__Crawled caption data__
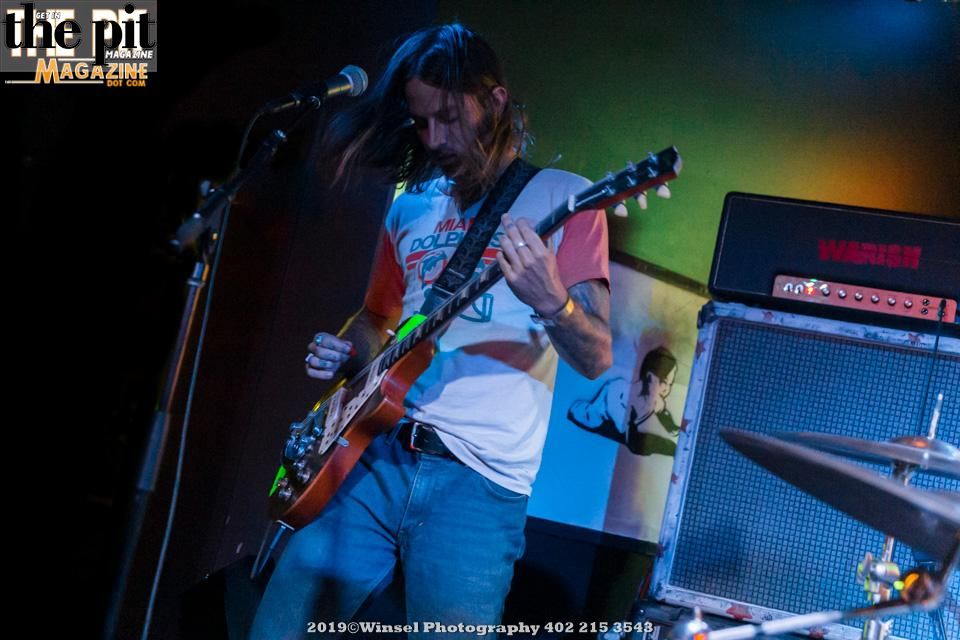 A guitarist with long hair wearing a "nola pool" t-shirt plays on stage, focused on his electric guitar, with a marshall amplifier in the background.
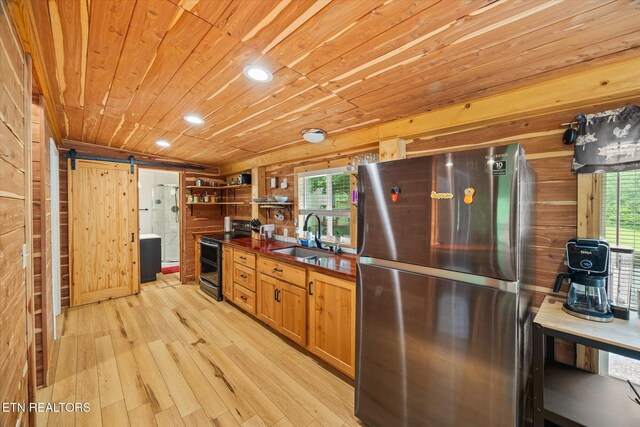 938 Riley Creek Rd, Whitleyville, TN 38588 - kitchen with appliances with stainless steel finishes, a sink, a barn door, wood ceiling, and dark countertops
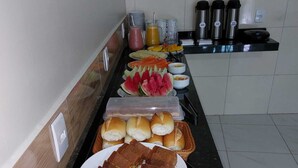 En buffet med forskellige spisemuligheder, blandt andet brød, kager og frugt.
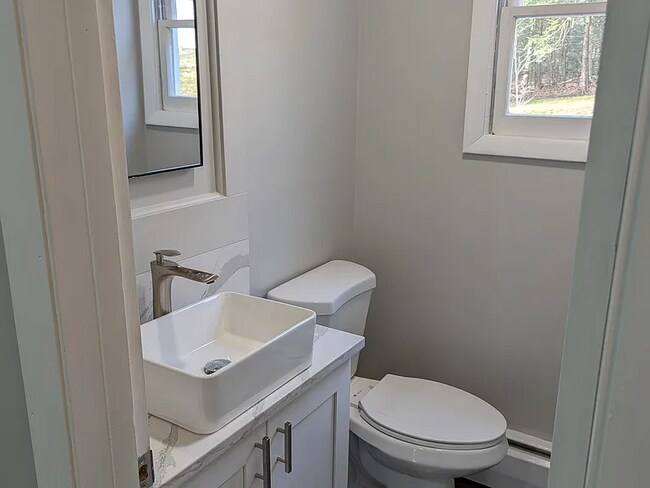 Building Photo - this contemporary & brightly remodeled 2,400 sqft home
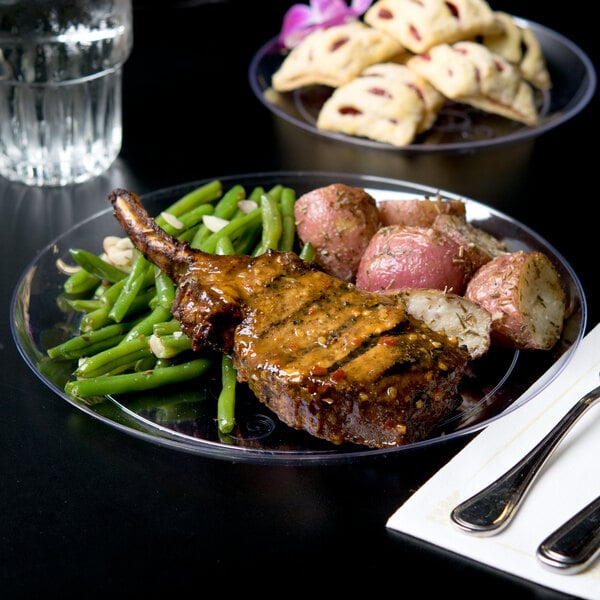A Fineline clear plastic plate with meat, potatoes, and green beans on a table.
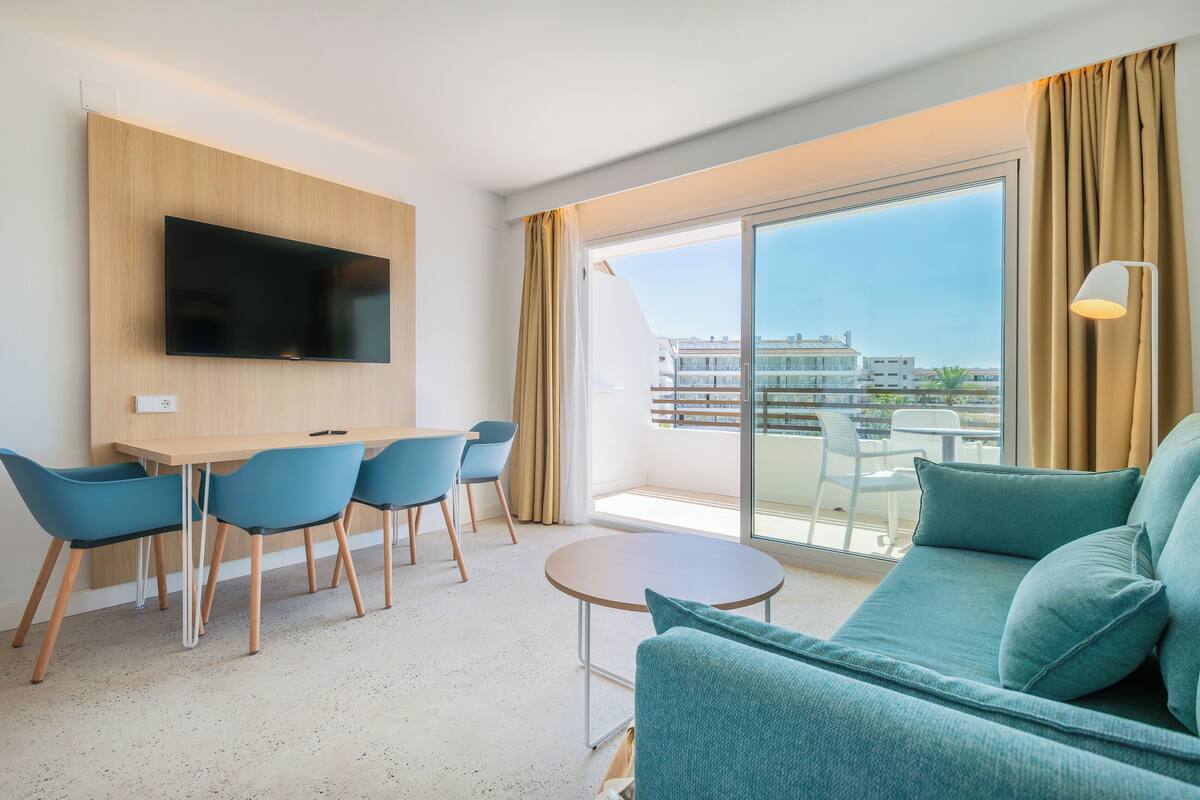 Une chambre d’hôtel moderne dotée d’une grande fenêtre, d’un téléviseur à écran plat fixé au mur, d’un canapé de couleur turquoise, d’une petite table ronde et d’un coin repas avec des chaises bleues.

__What to do__
Without the pictures, retype exactly the lines from the one that holds "A Fineline clear" to the last line of the data above, both of them included.

__Finished exercise__
A Fineline clear plastic plate with meat, potatoes, and green beans on a table.
 Une chambre d’hôtel moderne dotée d’une grande fenêtre, d’un téléviseur à écran plat fixé au mur, d’un canapé de couleur turquoise, d’une petite table ronde et d’un coin repas avec des chaises bleues.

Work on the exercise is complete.